The two women, along with fellow members Amber Williams and Janell Bowen, all hope to draw attention to this with their music and presence. “Our music is based around the black experience, we talk about what it feels like growing up in black communities… we get to talk about black issues, issues that are never talked about in the scene, especially in the punk scene,” says Turner.
Additionally, the name of the band is meant to represent the type of black power that the women are trying to harness. “When squid squirt black ink into the face of something that’s trying to harm them, that’s actually melanin,” says Turner. “They literally protect themselves with melanin, they protect themselves with their blackness.”

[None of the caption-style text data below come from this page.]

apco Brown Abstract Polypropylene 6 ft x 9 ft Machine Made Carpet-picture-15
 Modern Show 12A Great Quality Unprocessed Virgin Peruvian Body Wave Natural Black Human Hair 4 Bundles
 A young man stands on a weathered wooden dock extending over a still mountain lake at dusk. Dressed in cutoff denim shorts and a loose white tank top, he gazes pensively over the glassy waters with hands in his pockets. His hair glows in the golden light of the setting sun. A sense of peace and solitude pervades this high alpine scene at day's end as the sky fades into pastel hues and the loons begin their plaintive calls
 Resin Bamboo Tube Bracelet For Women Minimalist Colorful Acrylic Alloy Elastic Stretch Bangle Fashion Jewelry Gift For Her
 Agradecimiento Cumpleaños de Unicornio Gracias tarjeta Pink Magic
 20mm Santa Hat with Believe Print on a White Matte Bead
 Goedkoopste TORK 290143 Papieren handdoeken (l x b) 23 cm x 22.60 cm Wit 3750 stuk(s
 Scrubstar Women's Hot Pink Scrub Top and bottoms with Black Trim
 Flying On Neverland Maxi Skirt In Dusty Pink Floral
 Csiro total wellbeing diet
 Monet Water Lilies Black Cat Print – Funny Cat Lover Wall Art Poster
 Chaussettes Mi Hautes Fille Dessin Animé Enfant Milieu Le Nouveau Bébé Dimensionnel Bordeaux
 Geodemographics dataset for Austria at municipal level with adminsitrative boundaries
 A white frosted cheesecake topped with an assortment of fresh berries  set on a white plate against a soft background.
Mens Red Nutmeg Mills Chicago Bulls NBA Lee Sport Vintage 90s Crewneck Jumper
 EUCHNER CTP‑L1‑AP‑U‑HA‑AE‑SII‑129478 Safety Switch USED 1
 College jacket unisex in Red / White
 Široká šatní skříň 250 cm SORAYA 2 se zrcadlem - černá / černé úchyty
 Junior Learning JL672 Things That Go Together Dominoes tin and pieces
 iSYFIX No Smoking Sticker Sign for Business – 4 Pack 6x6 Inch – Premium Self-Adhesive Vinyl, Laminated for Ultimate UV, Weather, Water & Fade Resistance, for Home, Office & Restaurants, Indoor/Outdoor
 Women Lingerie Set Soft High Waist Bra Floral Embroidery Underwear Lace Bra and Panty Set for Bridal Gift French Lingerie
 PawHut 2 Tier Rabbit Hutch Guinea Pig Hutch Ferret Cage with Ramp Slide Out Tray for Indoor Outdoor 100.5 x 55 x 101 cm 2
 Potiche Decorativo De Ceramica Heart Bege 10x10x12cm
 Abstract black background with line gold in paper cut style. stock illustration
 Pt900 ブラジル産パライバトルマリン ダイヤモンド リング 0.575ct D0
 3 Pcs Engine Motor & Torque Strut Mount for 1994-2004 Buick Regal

Squid Ink is recording this year and will be playing the Punk Black Cali Fest II in Oakland this March. Fatty Cakes is planning a Pacific Northwest tour and will be in the studio next summer. As Turner prepares for new music with both projects, she aims to continue taking up space with aid from her most powerful tool: the bass.
“Everything we talked about in my life has flown in on this wonderful rhythm because of the bass… because I have the bass, because I have this community of awesome women. And because I get to create through trauma, I can heal this way,” she says.